If you need help facilitating a productive group meeting or conference, don’t hesitate to contact me. For several years running, I ran the highest-rated service department in a company with several thousand employees while maintaining a high level of employee satisfaction and retention.

The Wall Street Journal Law Blog recently featured a post about law firms battling weak demand by charging higher hourly fees, which noted that expenses per lawyer are rising faster than revenue per lawyer at most large law firms despite substantial increases in hourly rates in recent years.

Recent surveys of smaller firms have similarly shown declining demand, perhaps because individual consumer clients are increasingly choosing to do their own legal documents, resolve their own disputes and/or seek out cheaper alternatives to traditional legal services.

So what does all of this mean for the future of legal practice?

Lawyers and law firms that have developed expertise in specialized, high demand niches – such as patent practice for biotech or high-tech clients – can continue raising rates indefinitely. So can firms who have reputations for being “the best of the best” in high stakes matters, such as mergers and acquisitions or “bet the company” litigation. More competition may enter these practices, seeking a slice of the top-shelf pie, but savvy corporate clients will not be penny-wise and pound foolish in selecting legal service providers for these kinds of work (or so they have indicated in various surveys).

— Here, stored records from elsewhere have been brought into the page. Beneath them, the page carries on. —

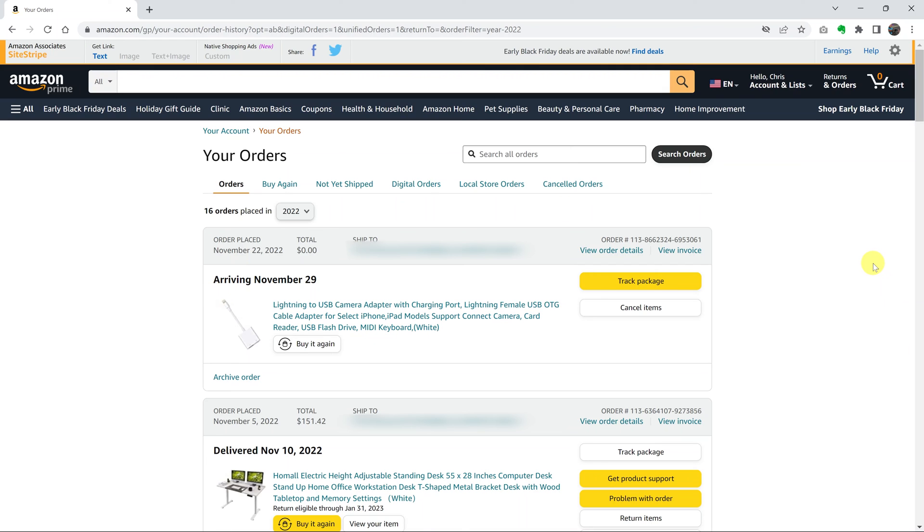Now, of course, these orders can still be tracked. If someone knows how to access the archives in your account, they can still go ahead and access these orders, but they are completely hidden from your order history page.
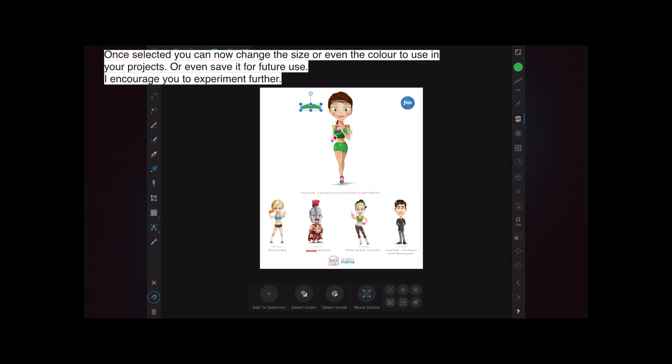SVG files are made up of many, many individual little images that all fit together to make the one image. That's what can sometimes make it appear quite complex to work with, but it really isn't if you keep your designs simple. I encourage you to experiment further.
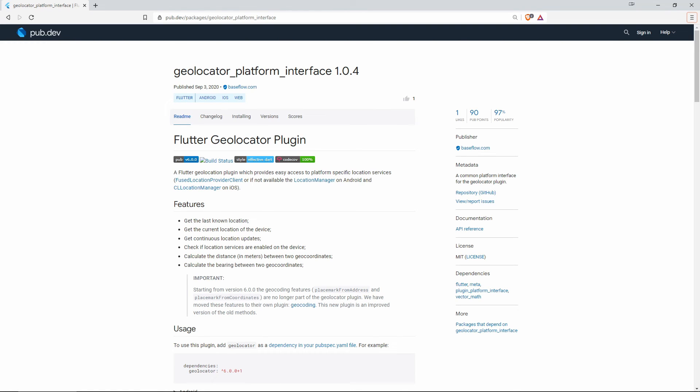And finally on number 1 with 97% of popularity we have Geolocator Platform Interface, a Flutter Geolocation plugin which provides easy access to platform specific location services.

But the world is different for lawyers who are doing “commodity work” (and by the way, clients view most legal work as “commoditized work”). Those lawyers – most lawyers –  will have to figure out ways to use technology, improve internal processes and manage projects more efficiently, so they can deliver legal products and services less expensively while maintaining or even increasing margins. You CAN raise hourly rates if you figure out how to cut the hours in delivery time proportionally.

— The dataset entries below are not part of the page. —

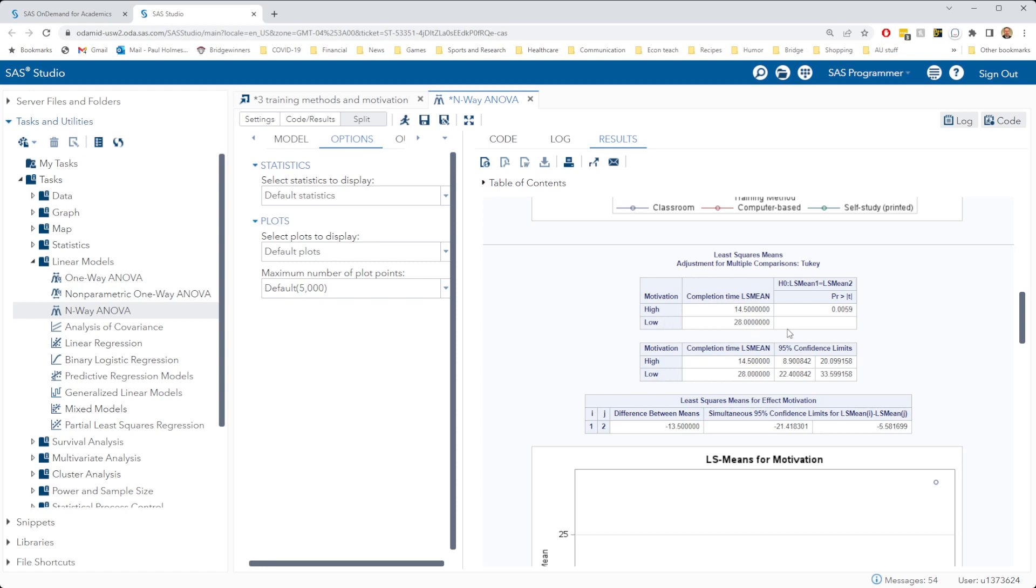We can look at the means here, 28 hours for completion, an average completion time for the low motivation group, 14 and a half hours for the high motivation group. So we'd say that there's significantly longer completion times for the low motivation group than the high motivation group.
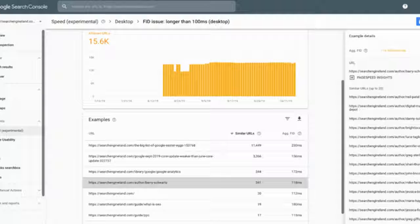Of course, you can use this to see what you are doing well and apply it to the slower URLs. You can click on the URL and it shows you more details from PageSpeed Insights. Here is another example.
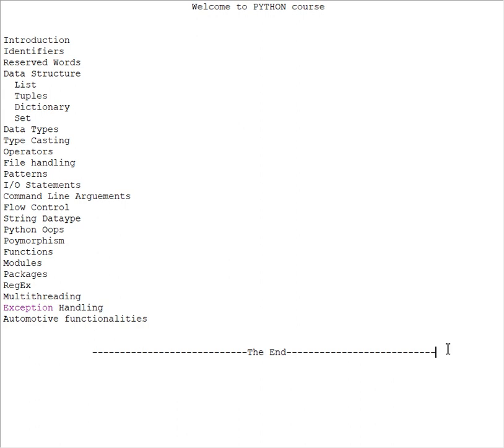Data structures include list, tuples, dictionary, and set, then data types, then typecasting, operators, file handling, patterns, I/O statements, command line arguments, flow control, string data type, then object-oriented programming concept in Python, polymorphism, functions, modules, packages, regular expressions, multithreading, exception handling...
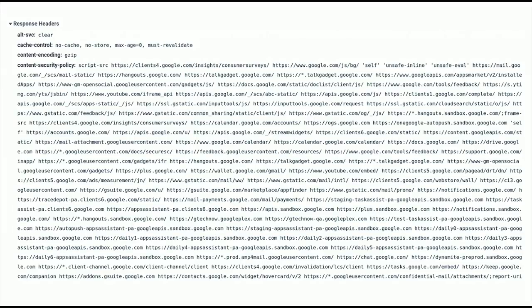If any of you has used CSP before, you might have seen a host-based whitelist policy. As you can see, they can get pretty complex — they're very hard to maintain. And even worse, they're usually bypassable. So we really don't recommend using these anymore. Unfortunately, these are still the type of policies we see mostly in the world.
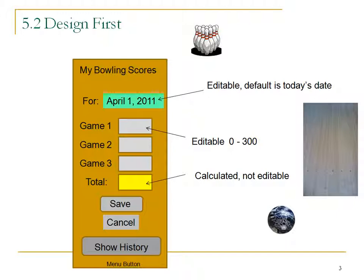Let's go into Eclipse and start building the application where we enter the bowling scores.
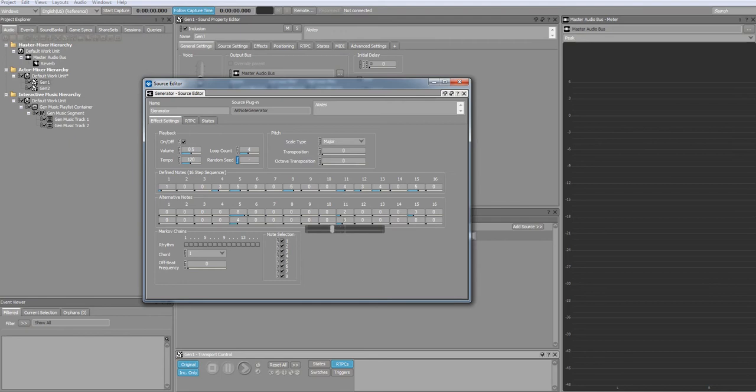For example, if two notes are selected, then they will each have a 50% chance of playing. If three notes are selected, then they will each have a third chance of playing.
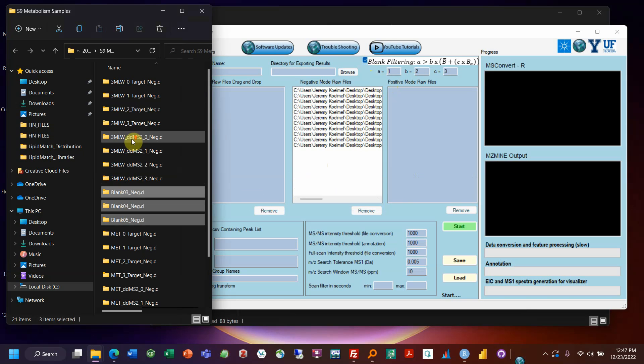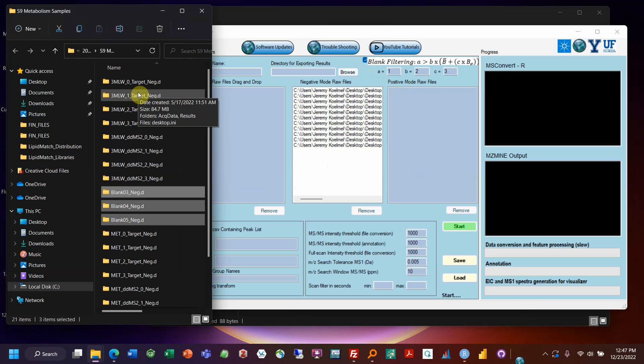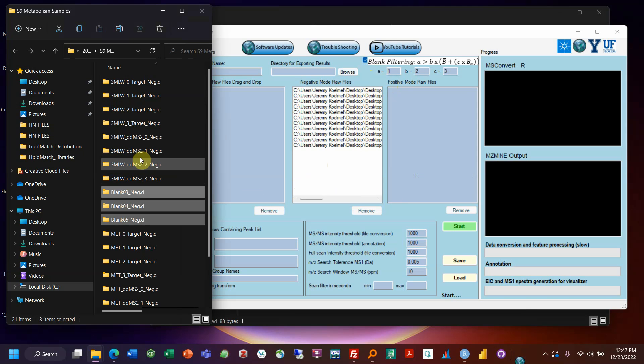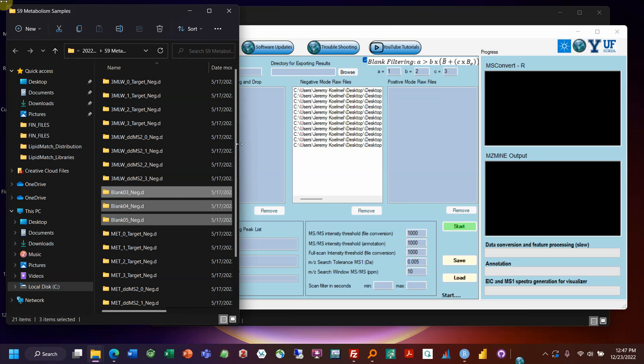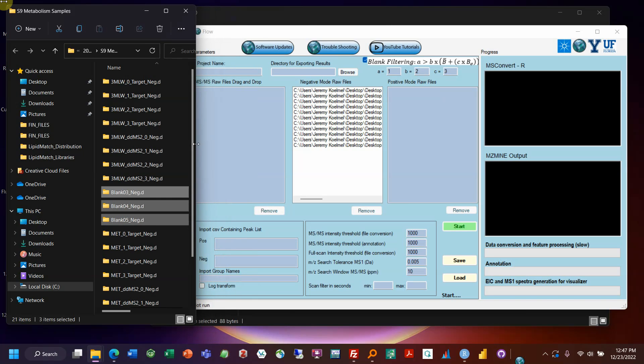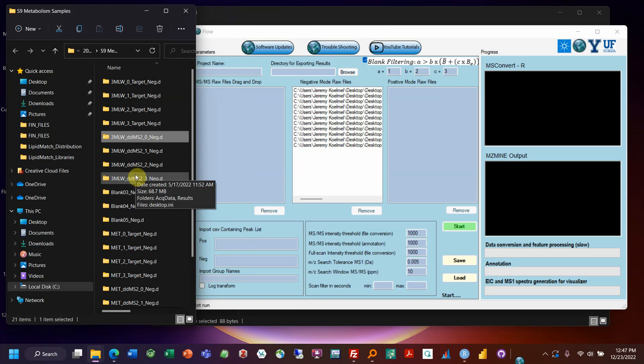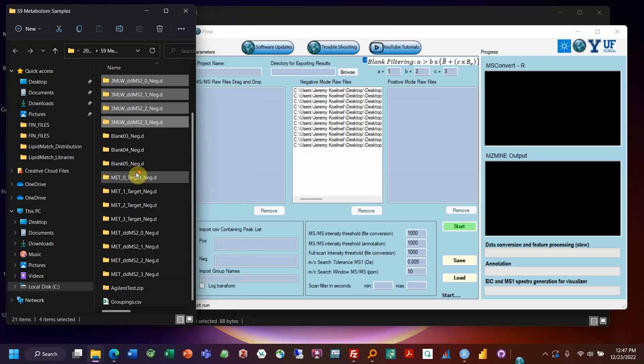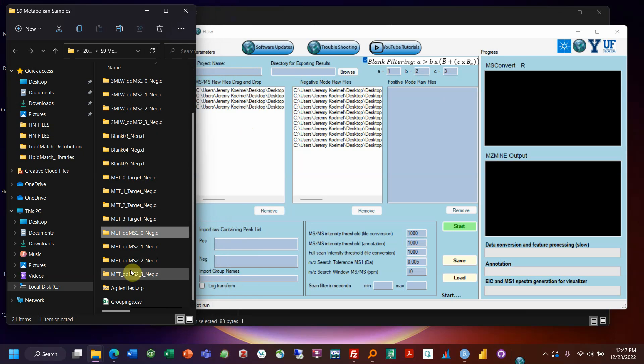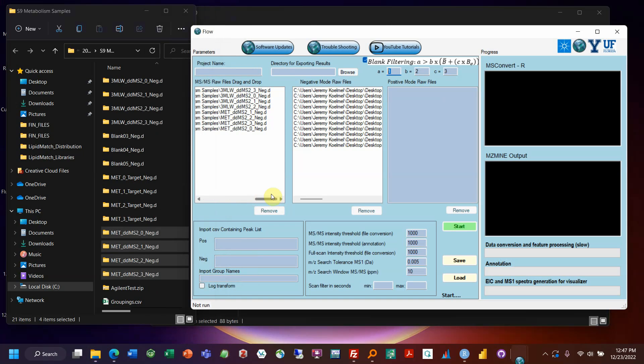Now sometimes people acquire their data-dependent data and their full scan data at the same time. In that case just copy your files over and rename them so you'll have two instances. Take a little more room on your hard drive but that's how the software works. So now we'll take our data-dependent files and you can drag them over here. And you'll want whatever MSMS files and those are all the files you'll need.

What you cannot do over the long term is raise rates simply to make up for declining demand. That is the kind of death spiral approach that the postal service tried (which only led to more customers fleeing to alternative providers).  Any business school can provide a long list of historical examples of companies or whole industries that became extinct by ignoring trends in demand and innovation.

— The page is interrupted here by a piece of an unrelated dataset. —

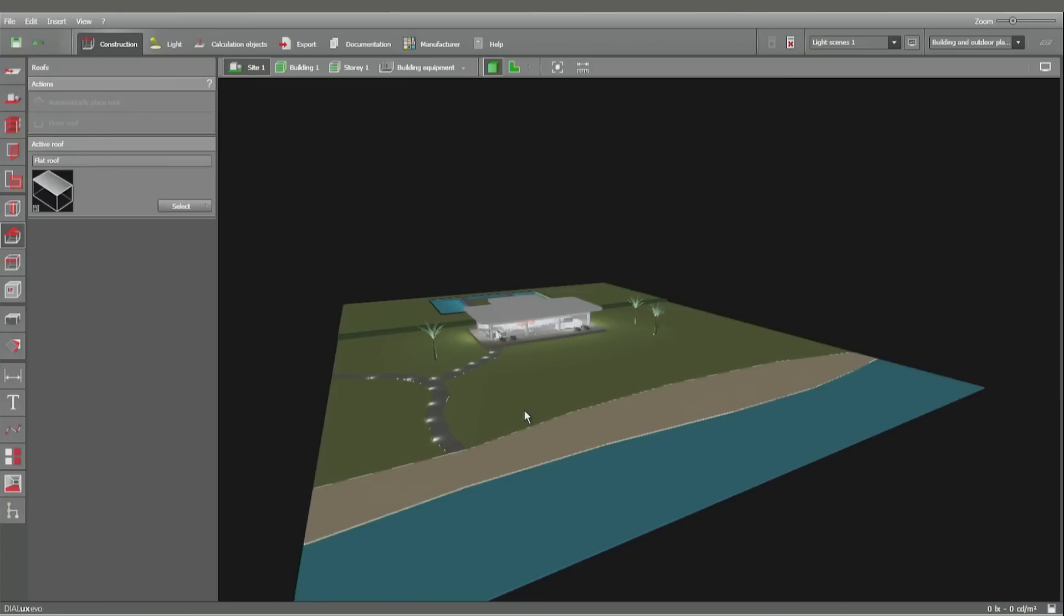Welcome back again. My name is Michael and I'm glad to present you the new feature in Dialogs EVO 4, the daylight calculation. To explain the functions of daylight calculation within Dialogs, I would like to use this pavilion project.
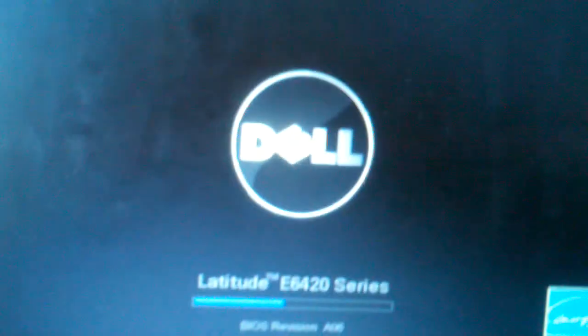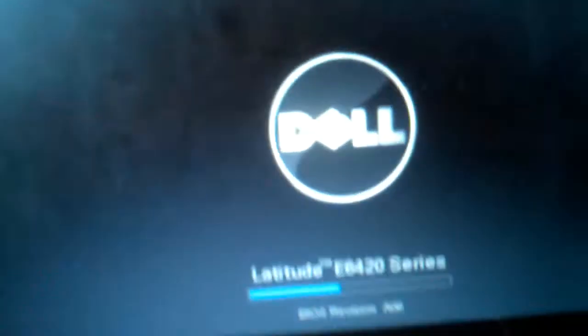And then this happens. The Latitude says launch startup repair. I'm just going to start normal to show you guys what happens. Look what happens - just crashes, goes like a blue screen and then restarts.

For law firms, there is a critical need to innovate and become ultra-efficient right now. Lawyers will have to imitate their business clients, who are constantly obsessed with how to serve customers better because they must. Just because we are part of a profession, we are not immune from the laws of economics.

To see only a few examples of how just one firm is aggressively approaching the need to innovate and become more efficient, check out the following links to articles on changes in labor and employment practice at Littler Mendelson:

  1.  Putting Products Into Services at Harvard Business Review
  2. Using Big Data in Employment Work at Today’s General Counsel
  3. Why You Should Disrupt Your Own Company (by changing how it works) at FORBES magazine

And for a look at how four firms have approached innovation to lower costs in order to win the battle for more clients and more matters, check out this article by John Kennedy at Law 360.

NOTE: As of the current time, I do not receive compensation or perform services, nor have I ever performed services for any of the law firms mentioned in this blog post.